[Required work]:
Quote only the lines that start at the line with "Na predaj priestranný" and run to the end of the entries; omit the pictures.

+++ Data for this exercise +++

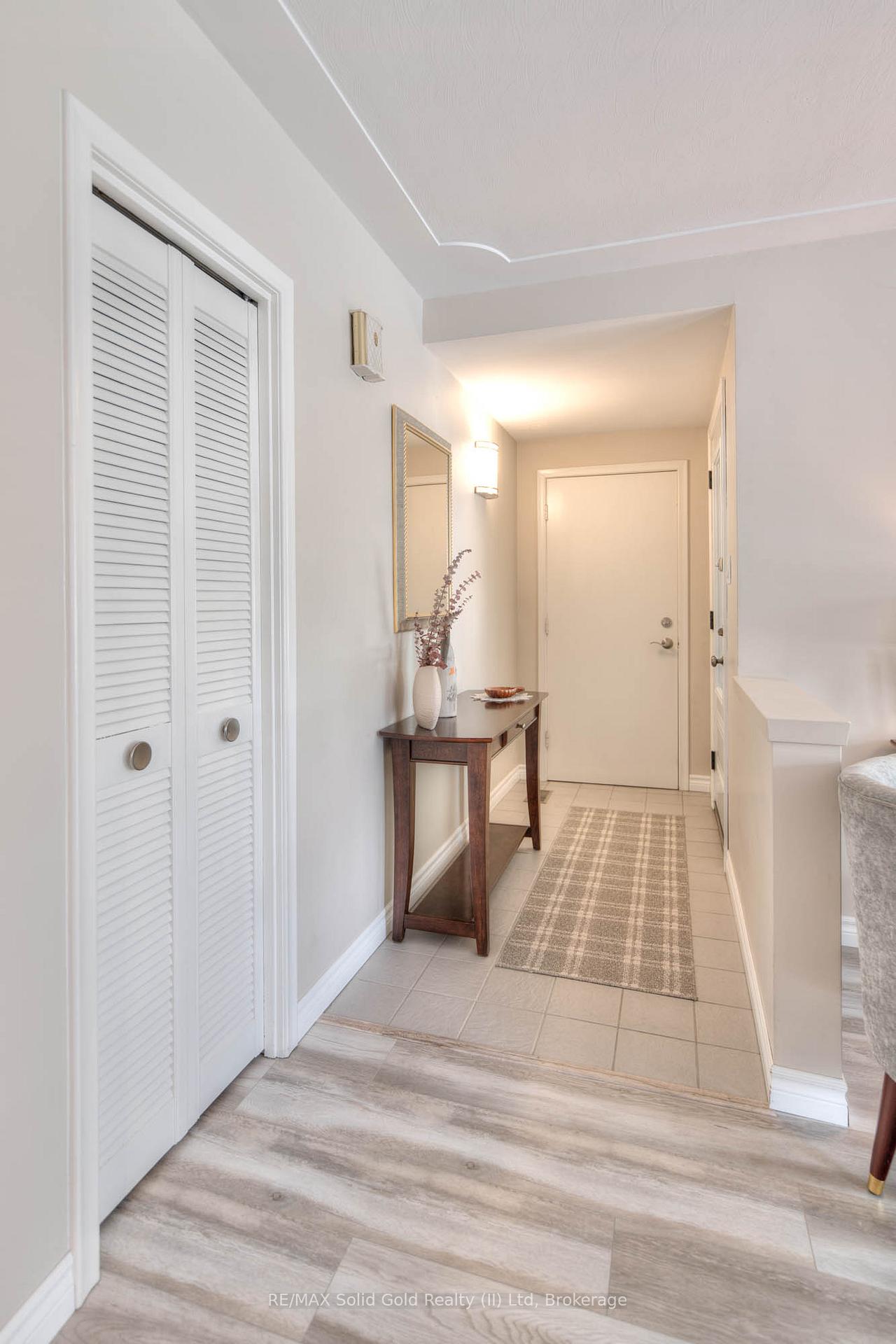 Photo 4 of 232 Kenneth Avenue, Kitchener — HOMEH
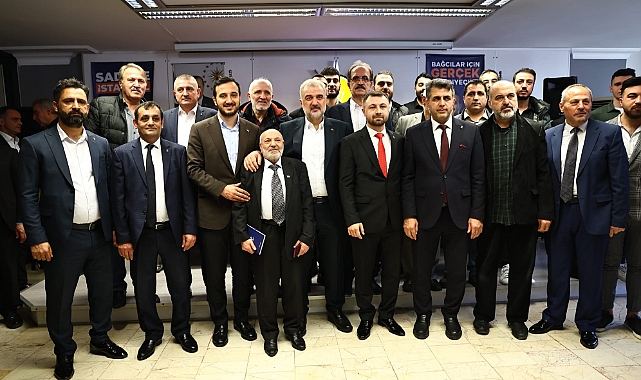 Bağcılar’da 50 kişi Gelecek Partisi’nden istifa edip AK Parti’ye katıldı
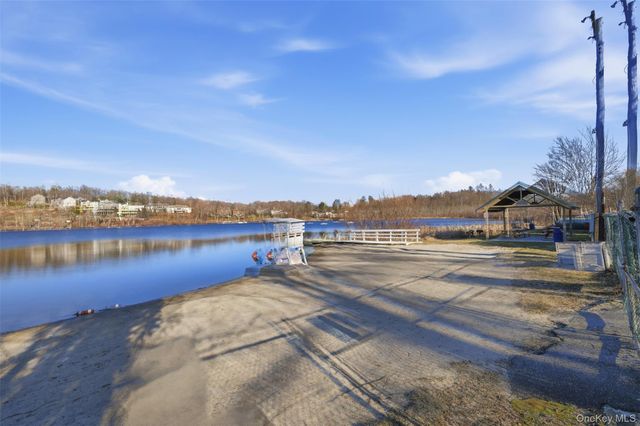 203 Lake Shore Drive, Mahopac, NY 10541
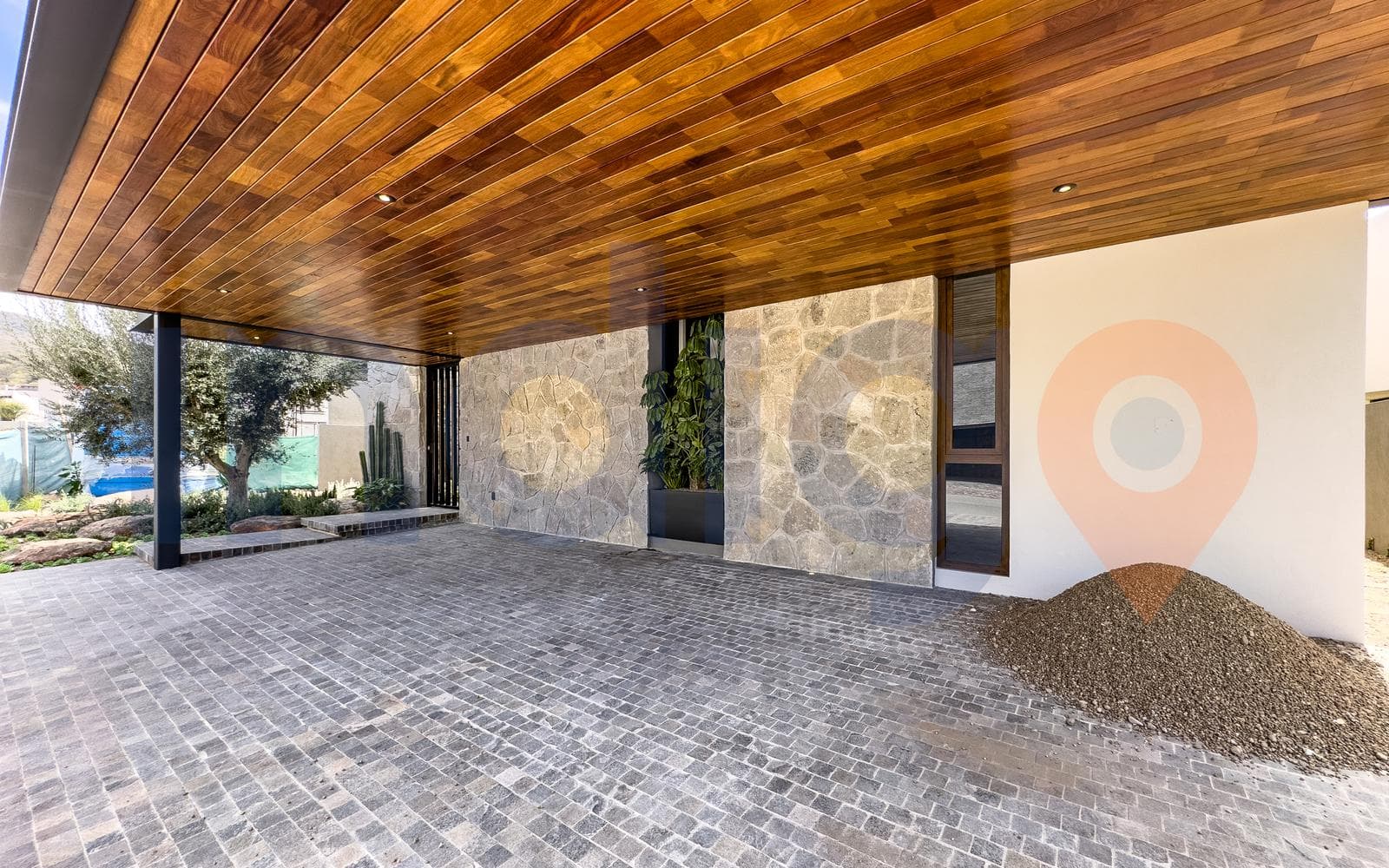 House for Sale in Altozano in the Río Condominium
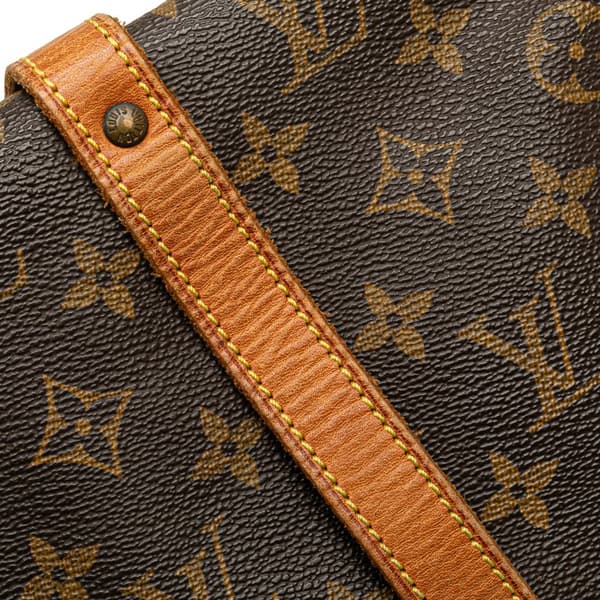 Pre-owned Louis Vuitton Monogram Saumur 30 Brown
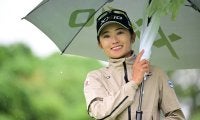 安田祐香が待望のツアー初優勝「すごく自信に」 27ホール短縮競技を逃げ切る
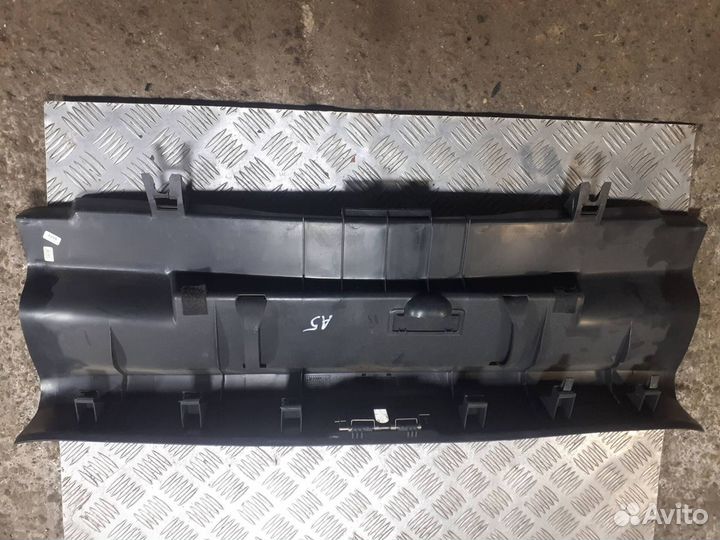 Обшивка багажника Skoda Octavia A5
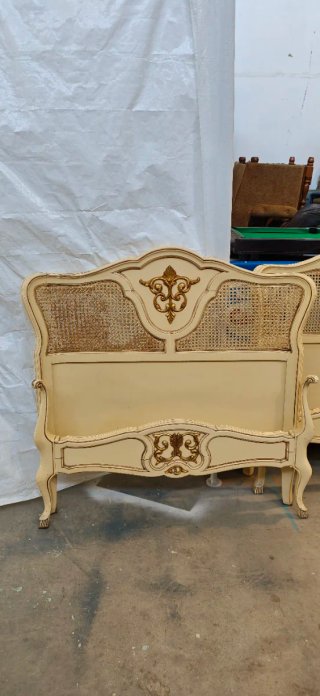 Cabeceros Luis XV Ratán y Madera
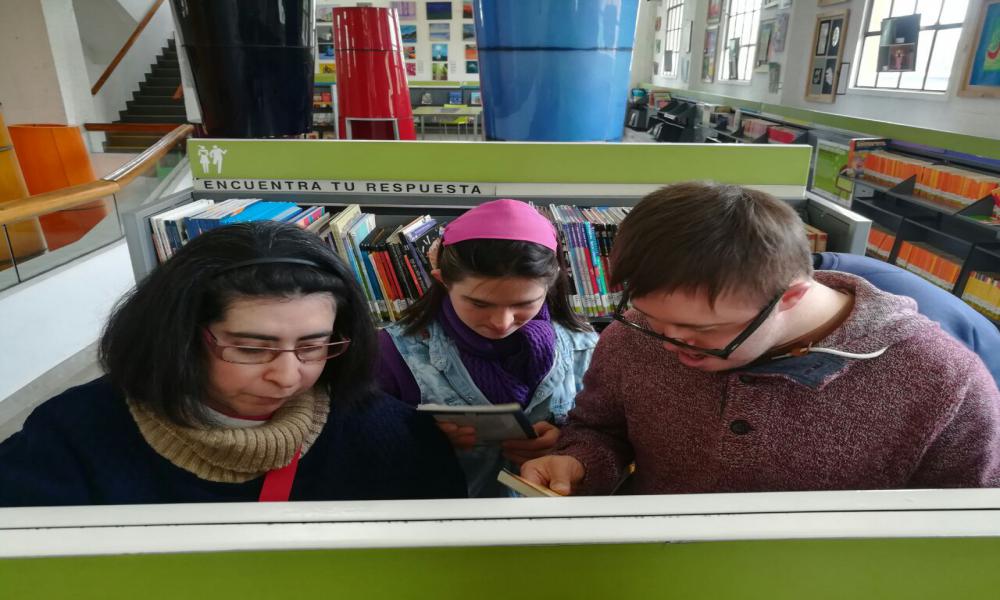 Jóvenes de Artifex realizan visitas culturales en Santiago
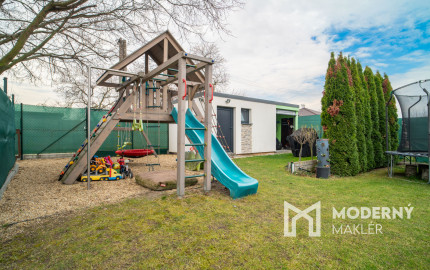 Na predaj priestranný 4-izbový rodinný dom s dvojgarážou v obci Báč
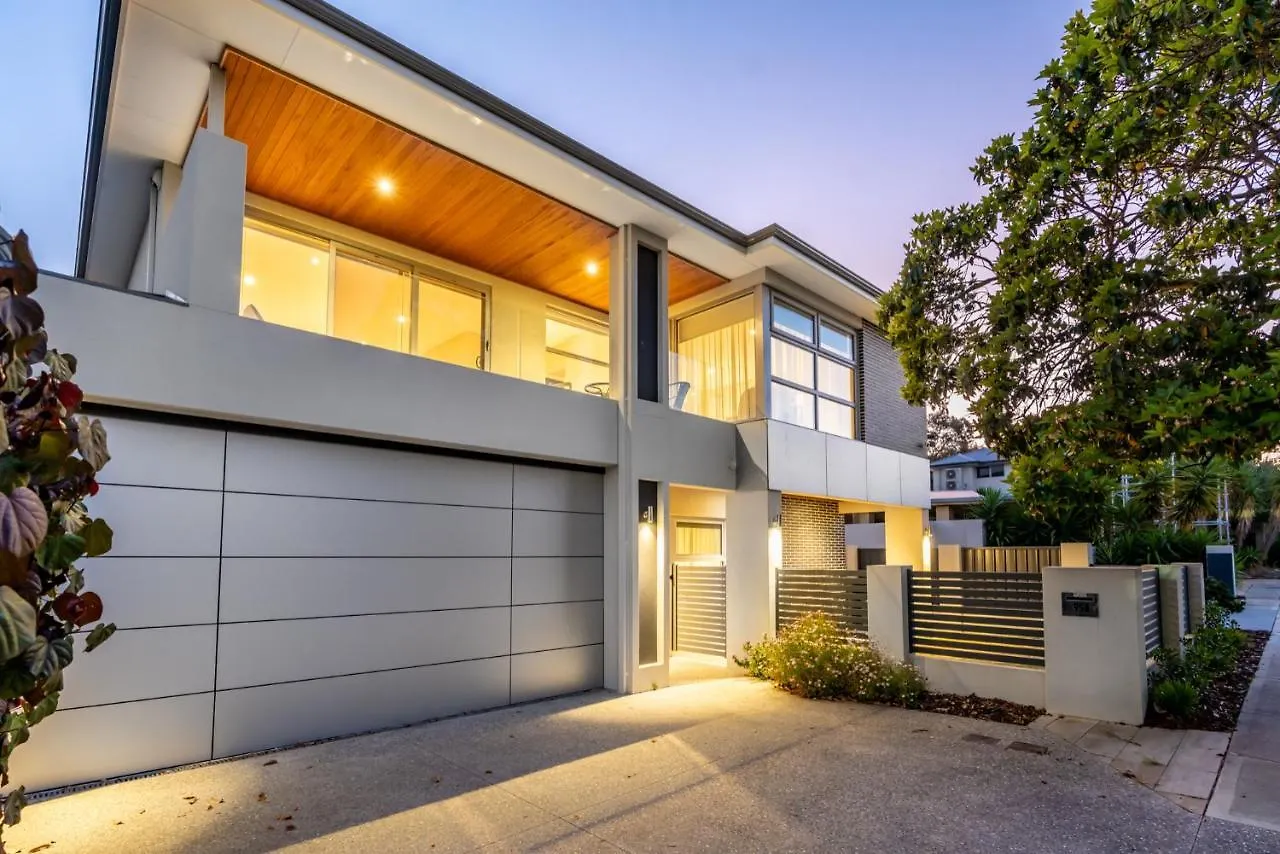 Family Vacation Escapade Shops Beach And Sun Await Perth Casa de Férias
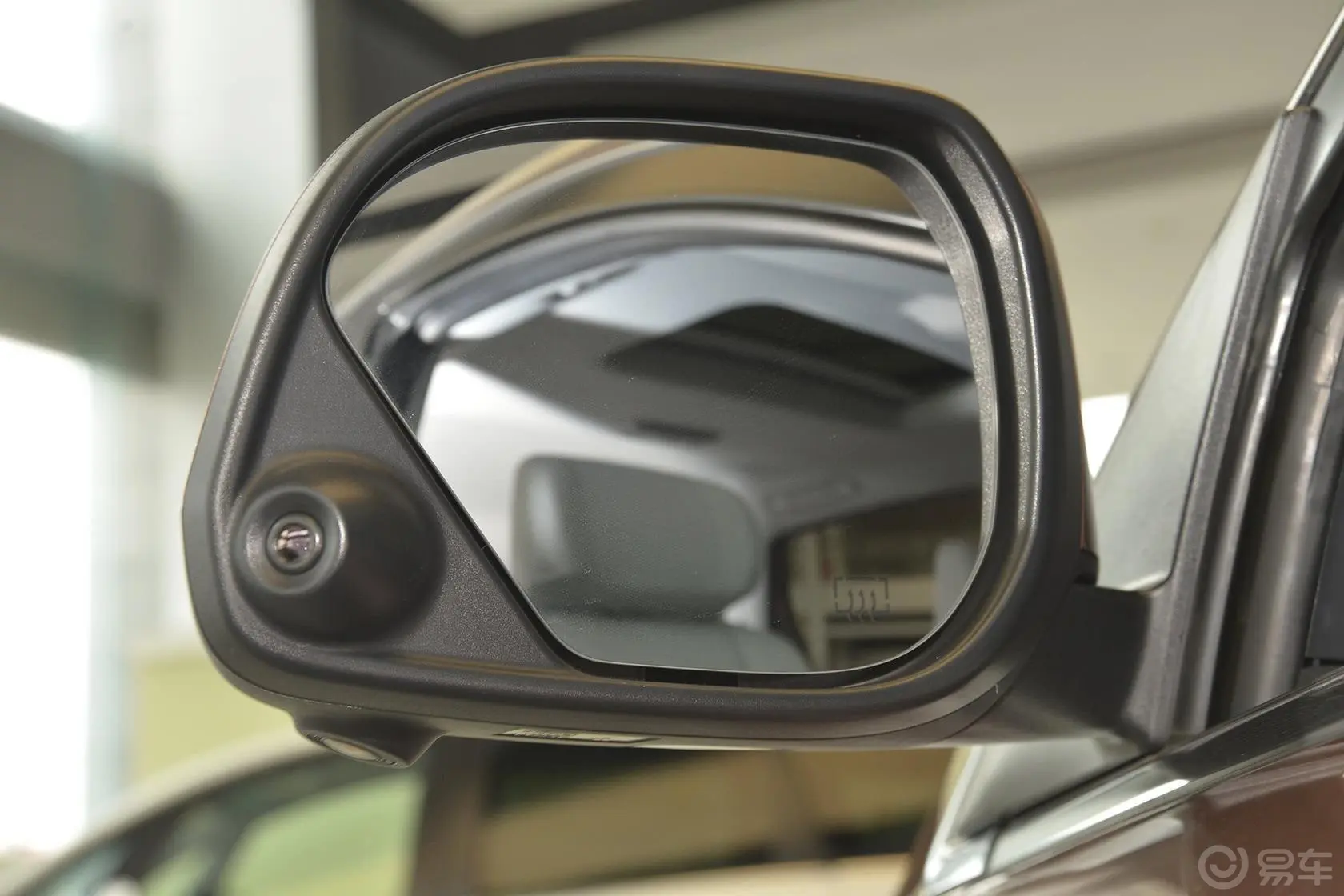 大7 SUV2.2T 自动 两驱 智慧型后视镜镜面（后）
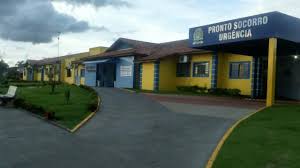 Motociclista e filha de 7 anos ficam feridos em acidente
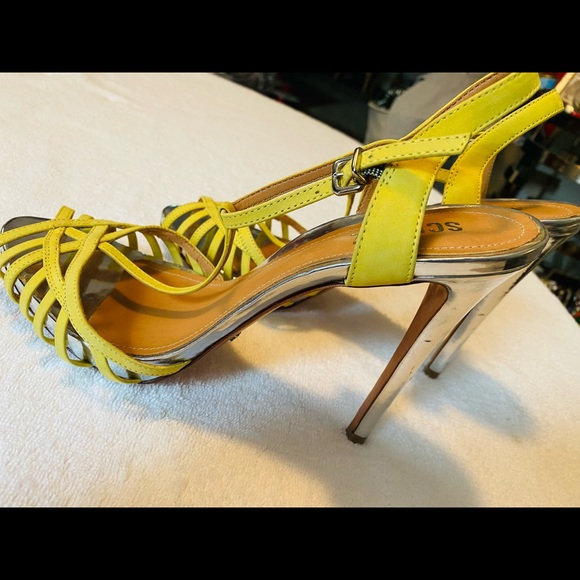 Almost Brand New Brazilian Leather Heels By SHULTZ - Size 10 B - box 2 - Picture 2 of 8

+++

[Solved problem]:
 Na predaj priestranný 4-izbový rodinný dom s dvojgarážou v obci Báč
 Family Vacation Escapade Shops Beach And Sun Await Perth Casa de Férias
 大7 SUV2.2T 自动 两驱 智慧型后视镜镜面（后）
 Motociclista e filha de 7 anos ficam feridos em acidente
 Almost Brand New Brazilian Leather Heels By SHULTZ - Size 10 B - box 2 - Picture 2 of 8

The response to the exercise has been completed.